During the period commencing at the close of business April 20, 2001 and ending
with the close of business January 1, 2002, Xxxxxx will receive the following
compensation as a contract employee of the Company:
(a) The sum of $4,333.00, subject to usual and customary withholding, for the
period April 20, 2001 through April 30, 2001, payable on or about May 1,
2001.
(b) $34,075 per month (the "Total Salary") for 8 months thereafter, payable
twice monthly through the Company's normal payroll, and subject to usual
and customary withholding, with the first such payment to be made on or
about May 15, 2001 and the last such payment to be made on or about
December 31, 2001. The Total Salary is the sum of (i) $13,916 per month
("Salary 1") and (ii) $20,159 per month ("Salary 2"). SERP benefits shall
only accrue on Salary 1 and the compensation payable under Paragraphs 5 and
6(a) of this Agreement. No SERP benefits shall accrue on Salary 2. The
total amount of SERP income that will be considered for the 2001 year is
$220,532 (the "SERP Amount"). The SERP Amount includes the $54,700 bonus
that is payable in March of 2001 for 2000 performance.

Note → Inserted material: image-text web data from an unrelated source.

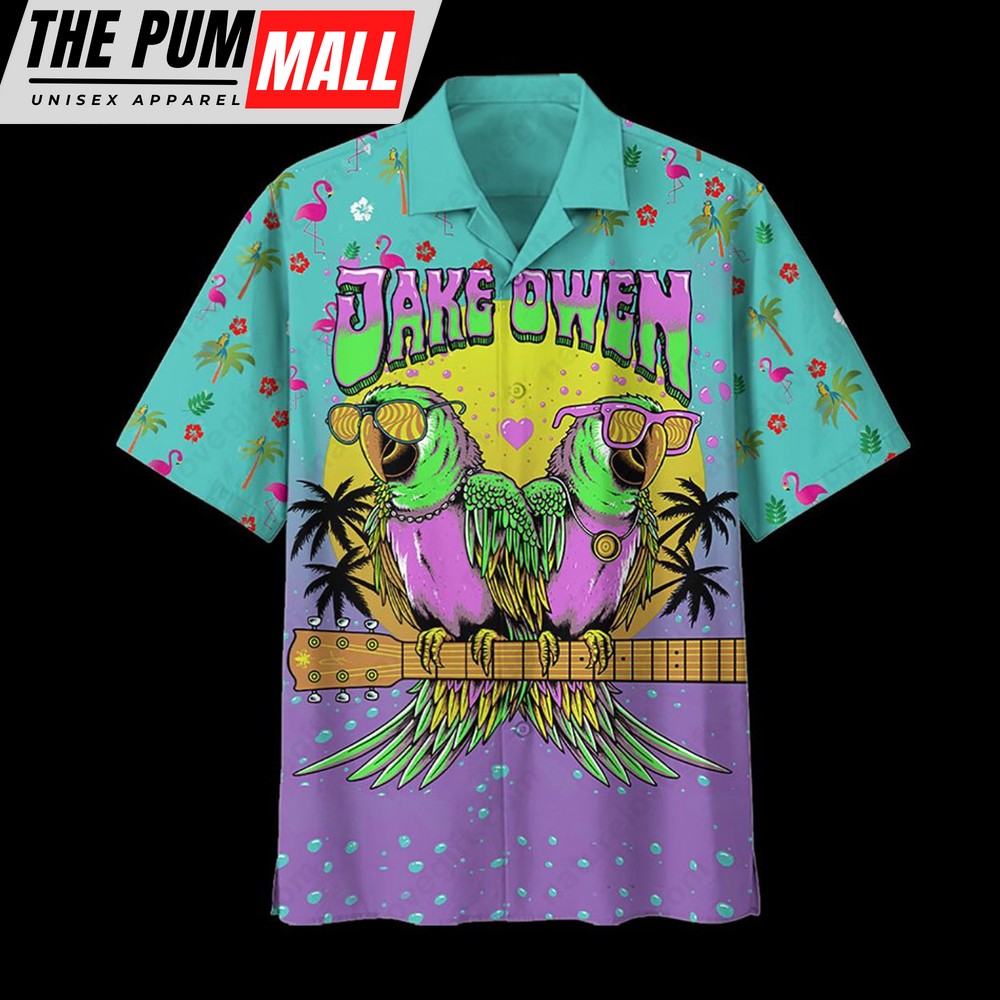Jake Owen Florida Palm Trees Palm Readers Flamingo Hawaiian Shirt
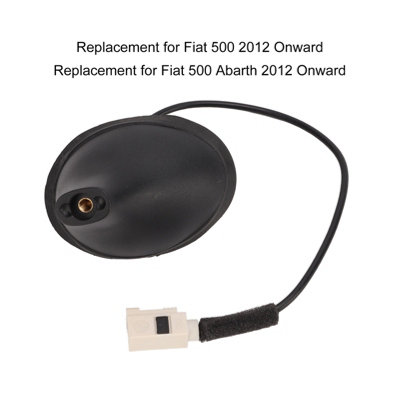Base D'antenne Pour Fiat 500, Bravo, Grande Punto, Stilo, Croma - Noire, Plastique/métal, Pièce Neuve
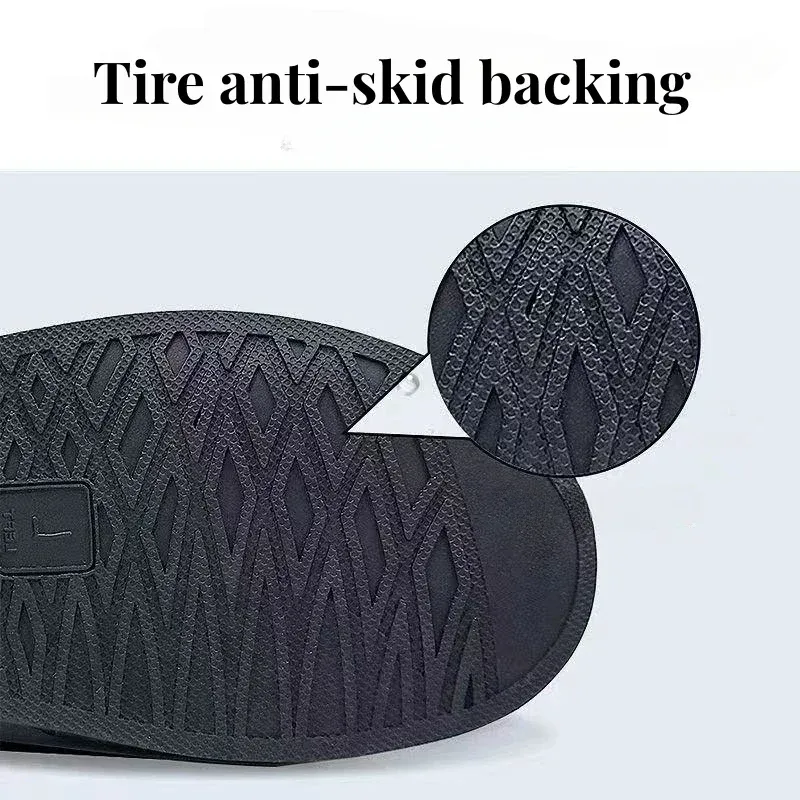 Copriscarpe antipioggia riciclabile Copriscarpe antiscivolo Copriscarpe unisex per bicicletta Copriscarpe protettivo per pioggia e neve_voghion.com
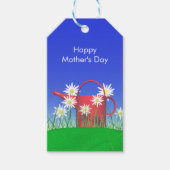 Moederdag Daisies and Watering Can Cadeaulabel (Voorkant)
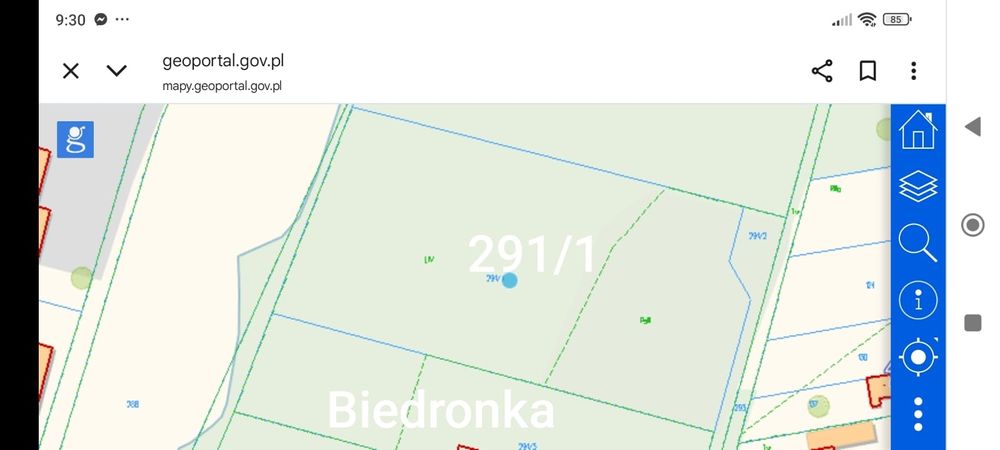 Działka budowlana, Łyszkowice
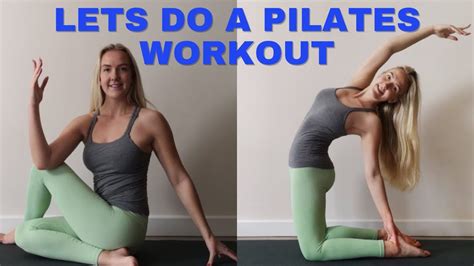 45 Minutes Of Pilates At Home Get A Full Body Pilates Workout Living Room Pilates Class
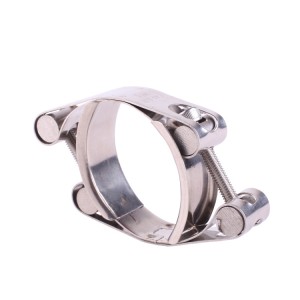 Double Bolt Double Band Pipe Clamp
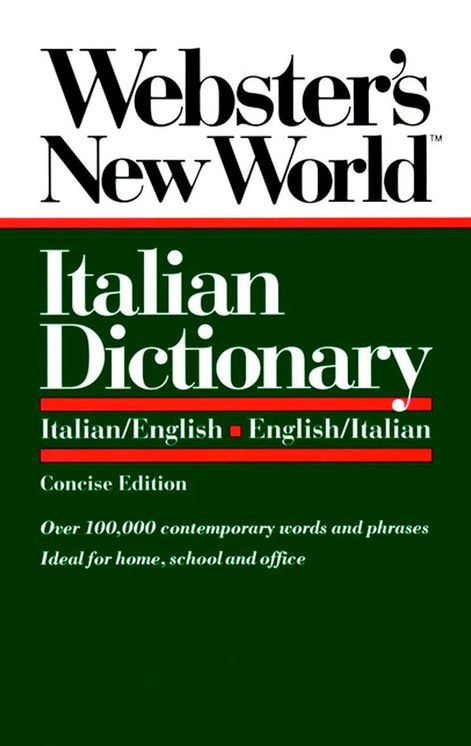 Webster's New World Italian Dictionary, Concise Edition
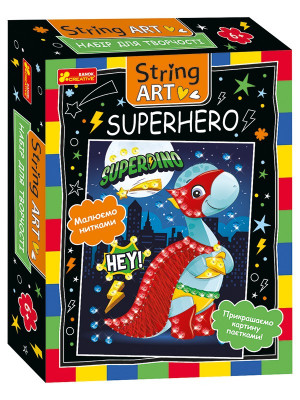 Набір для творчості. String Art. Superhero Ranok-Creative 10100522У (4823076149864) (447165)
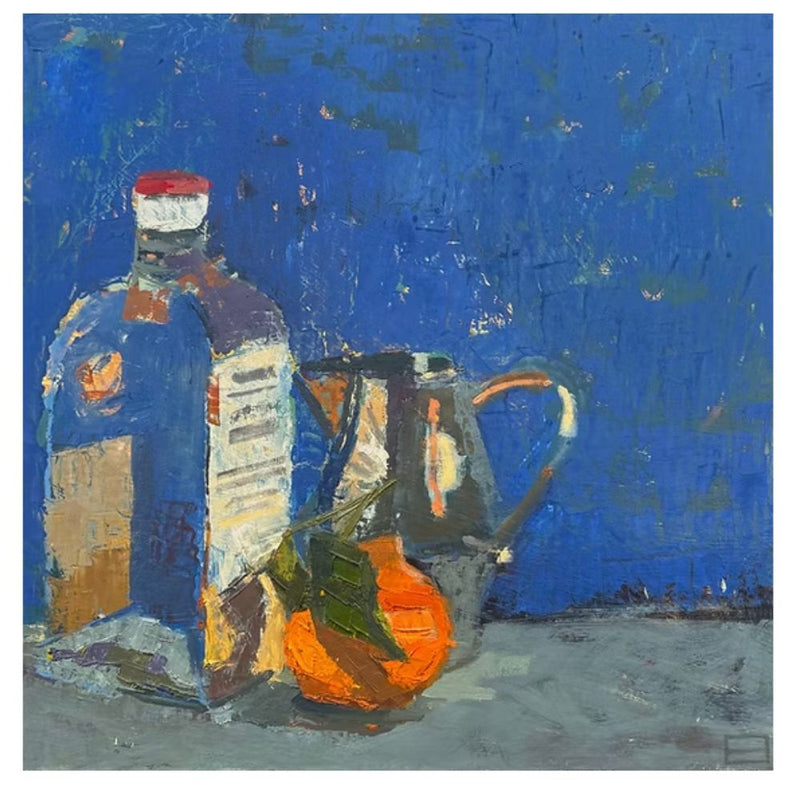 'Goldwasser And satsuma' Oil Painting, Framed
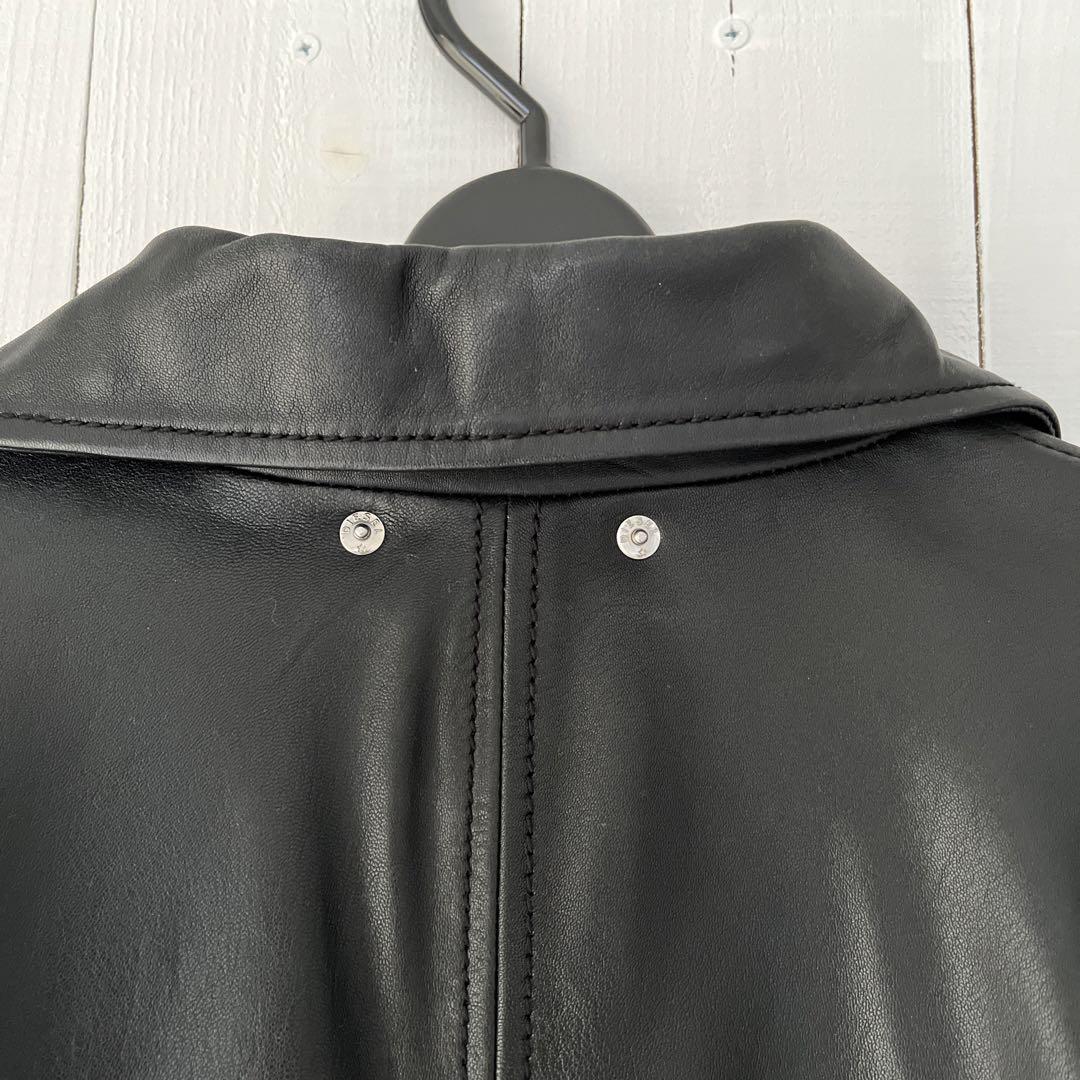 美品 DIESEL レディース 黒 レザージャケット ライダース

(c) Accrual of service credits through January 1, 2002 applicable to retirement
programs, in accordance with applicable plans.
(d) A payment of $16,057 representing vacation accrued in 2001, to be paid in a
lump sum subject to usual and customary withholding during the month of
January 2002 and not subject to deferral, provided Xxxxxx signs the release
referenced in Paragraph 12(c) of this Agreement.
(e) Health and welfare benefits and the benefits allowance on the same terms as
provided immediately before signing this Agreement.
(f) Continued use of two Company-owned Portland Trailblazer tickets for the
remainder of the current season, including playoffs, if any.
(g) Company payment of club dues and fees for Xxxxxx'x current home security
system to the extent they were Company-paid immediately before signing this
Agreement.
(h) The other benefits listed in Schedule 6 attached hereto and incorporated
herein for all purposes, and such benefits shall be provided to Xxxxxx to
the same extent as they were provided to him as a full time employee and
officer of the Company prior to February 15, 2001.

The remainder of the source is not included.